注染■工程(2)糊置き
糊置きを行う場所を「板場」といいます。型紙は木枠にしっかり留められていて、しかもこの木枠も奥が蝶番で止められているので、1回糊置きするごとに謄写版のように上げ下げしながら糊置きしてゆきます(写真の左側の職人さんが木枠をちょうど上げています)。白生地の上に木枠に固定された型紙を置き、その上から特別に調合された防染糊を大きなヘラで均一に糊置きしてゆきます。(写真右側の職人さんが、型紙の巾大のヘラで糊置きしています。)
糊を置いた生地は、型紙の大きさ通りにきっちりと屏風畳みして重ねてゆきます。特に細かい模様では連続模様が精緻につながるように細心の注意を払いながら白生地をきっちり折り返し、ヘラを動かし、同じように糊置きしてゆきます。型紙大に糊置きされた白生地は屏風折りに畳みながら、さらに防染糊を置いてゆきます。

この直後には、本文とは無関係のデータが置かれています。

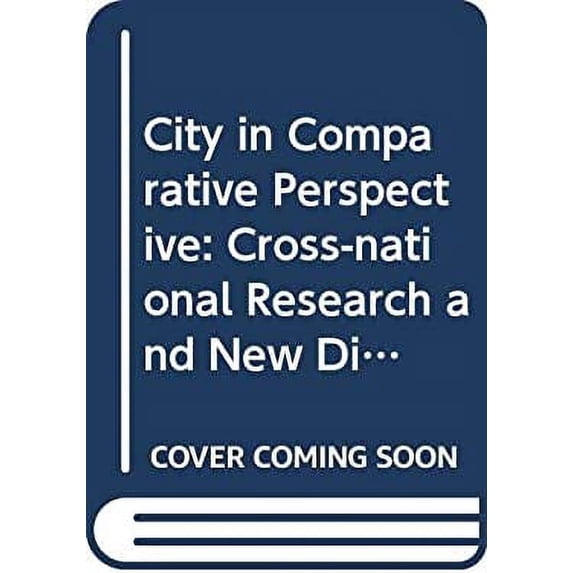 Pre-Owned The City in Comparative Perspective 9780470152171 Used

防染糊は、糯粉(もちこ)と糠、石灰などを調合して作りますが、夏場は糯粉が腐りやすいので、代わりに海草などを混ぜて作るのだそうです。ベテランの職人さんは、1疋で約24~26回糊置きを繰り返しますが、その手はスッスッとためらいもなく動いてゆき、それは見事です。この糊置きの具合により、出来上がりの品質が左右されますので、熟練の高度な職人技が要求されます。糊置きした白生地には、おがくずを振るいかけます。糊が他にくっつかないようにするためと、糊が乾燥し、白生地が反らないようにするためです。